__THE TASK__
Retype only the lines below from the one with "59 Waite Street, Machans Beach, QLD 4878 AUS" to the one with "画像: ○商品名 :ストロベリー", inclusive, skipping every image.

__RECORDS FOR THE EXERCISE__
BEGIN
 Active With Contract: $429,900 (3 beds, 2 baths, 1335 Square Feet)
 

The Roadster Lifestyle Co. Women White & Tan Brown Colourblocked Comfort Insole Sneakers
END
BEGIN
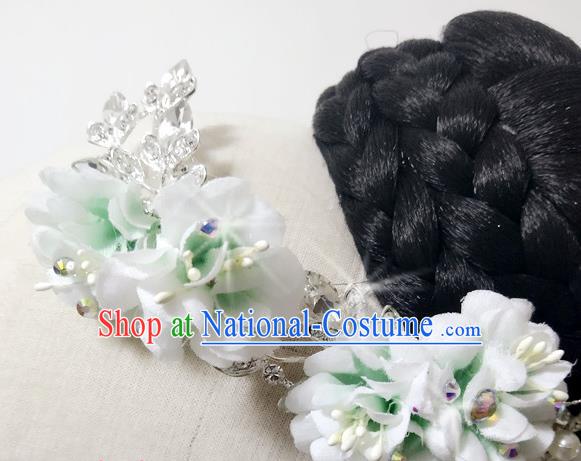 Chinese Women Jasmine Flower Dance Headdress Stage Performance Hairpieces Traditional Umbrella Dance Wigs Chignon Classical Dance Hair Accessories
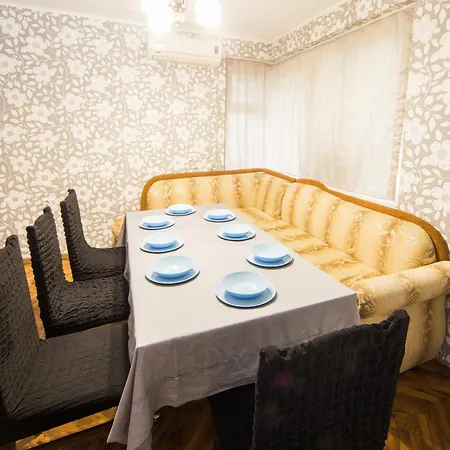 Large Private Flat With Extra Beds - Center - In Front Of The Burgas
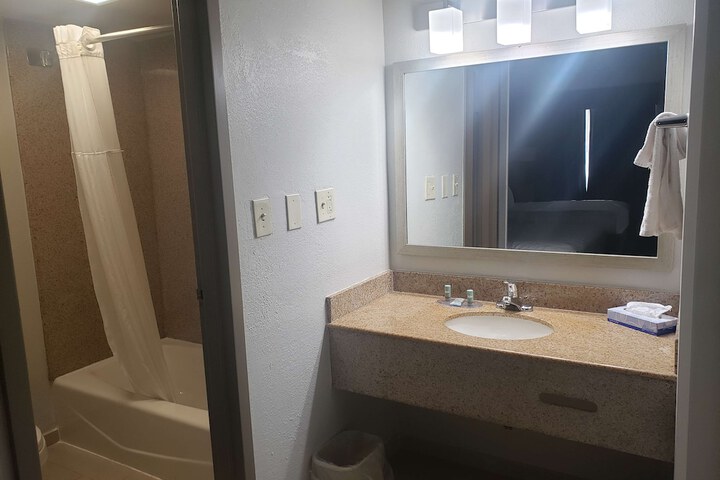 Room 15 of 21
END
BEGIN
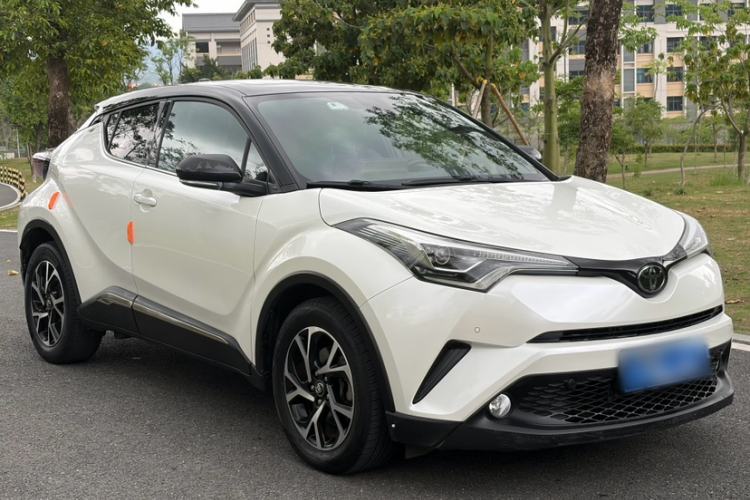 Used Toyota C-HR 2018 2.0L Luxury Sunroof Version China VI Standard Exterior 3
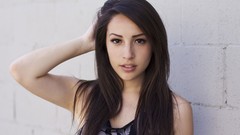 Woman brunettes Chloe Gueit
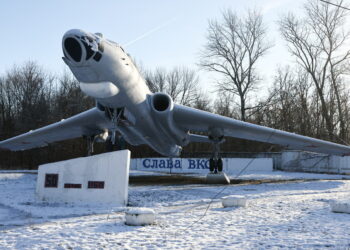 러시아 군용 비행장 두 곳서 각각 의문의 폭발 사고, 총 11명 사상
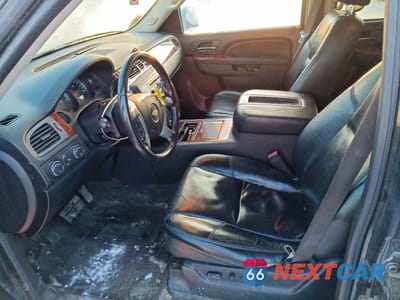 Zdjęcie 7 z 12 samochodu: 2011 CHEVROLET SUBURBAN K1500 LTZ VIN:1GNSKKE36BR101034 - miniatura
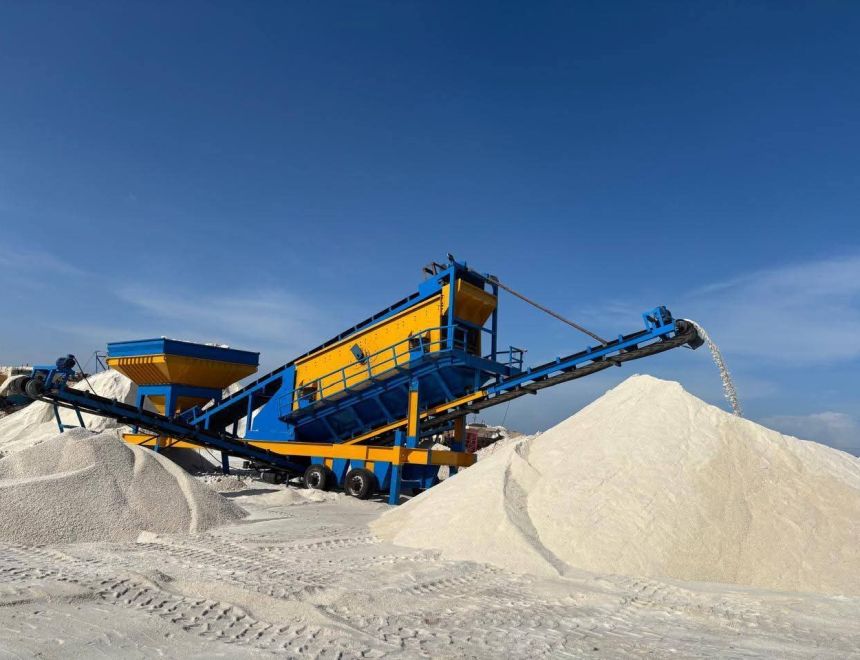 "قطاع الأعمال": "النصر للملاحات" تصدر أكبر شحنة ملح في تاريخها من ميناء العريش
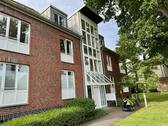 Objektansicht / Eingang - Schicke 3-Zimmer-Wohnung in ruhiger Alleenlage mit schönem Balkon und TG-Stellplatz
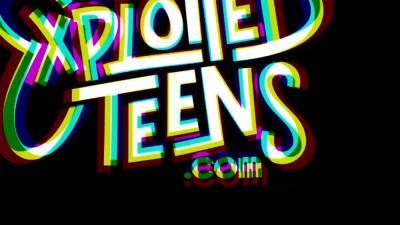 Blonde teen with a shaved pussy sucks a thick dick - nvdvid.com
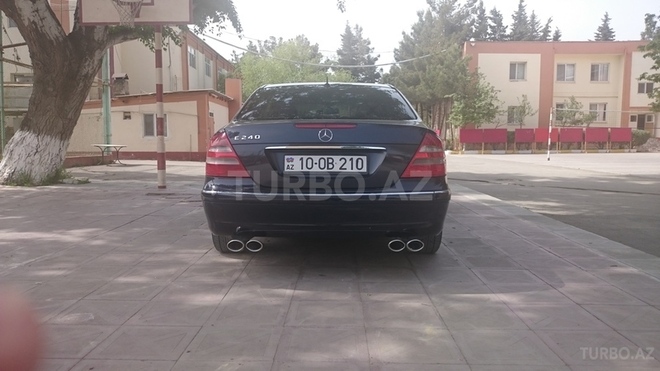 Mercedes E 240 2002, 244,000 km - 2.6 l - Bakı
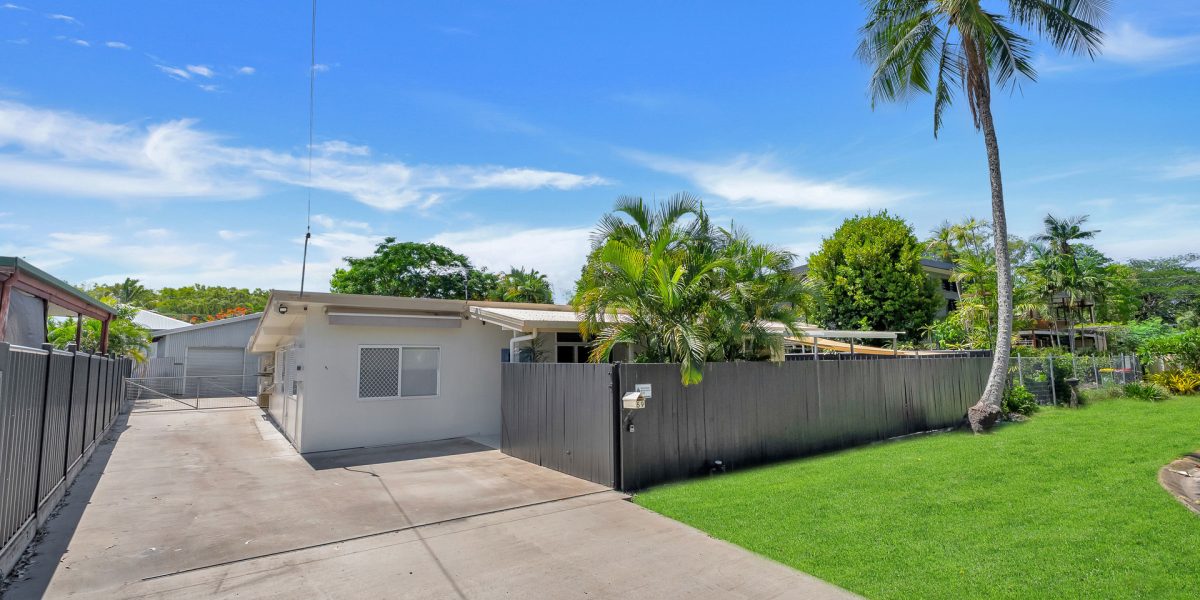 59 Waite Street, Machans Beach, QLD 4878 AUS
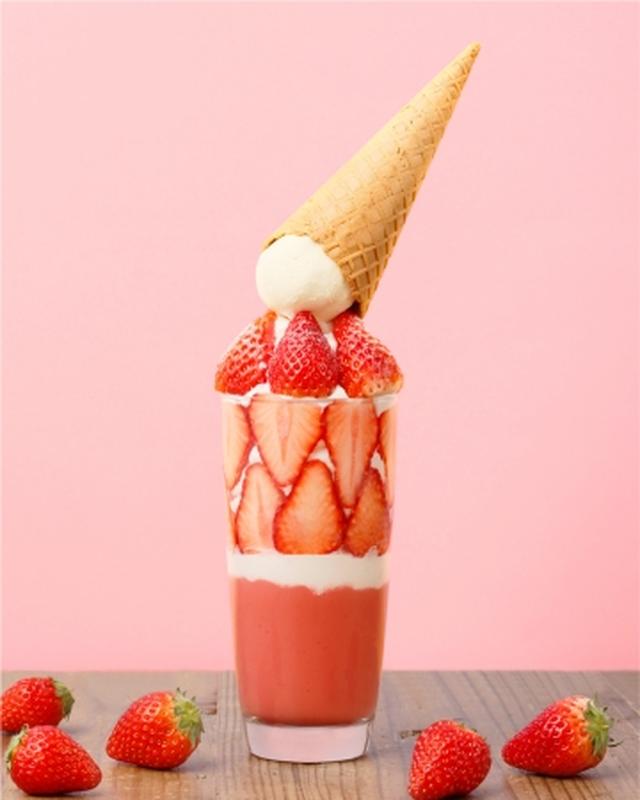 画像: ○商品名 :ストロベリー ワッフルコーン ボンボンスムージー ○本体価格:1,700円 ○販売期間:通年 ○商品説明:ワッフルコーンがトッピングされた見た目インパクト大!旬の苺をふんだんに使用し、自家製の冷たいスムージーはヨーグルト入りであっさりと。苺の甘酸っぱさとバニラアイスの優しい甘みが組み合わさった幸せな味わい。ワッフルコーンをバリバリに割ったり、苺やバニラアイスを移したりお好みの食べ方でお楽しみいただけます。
END
__ANSWER__
 59 Waite Street, Machans Beach, QLD 4878 AUS
 画像: ○商品名 :ストロベリー ワッフルコーン ボンボンスムージー ○本体価格:1,700円 ○販売期間:通年 ○商品説明:ワッフルコーンがトッピングされた見た目インパクト大!旬の苺をふんだんに使用し、自家製の冷たいスムージーはヨーグルト入りであっさりと。苺の甘酸っぱさとバニラアイスの優しい甘みが組み合わさった幸せな味わい。ワッフルコーンをバリバリに割ったり、苺やバニラアイスを移したりお好みの食べ方でお楽しみいただけます。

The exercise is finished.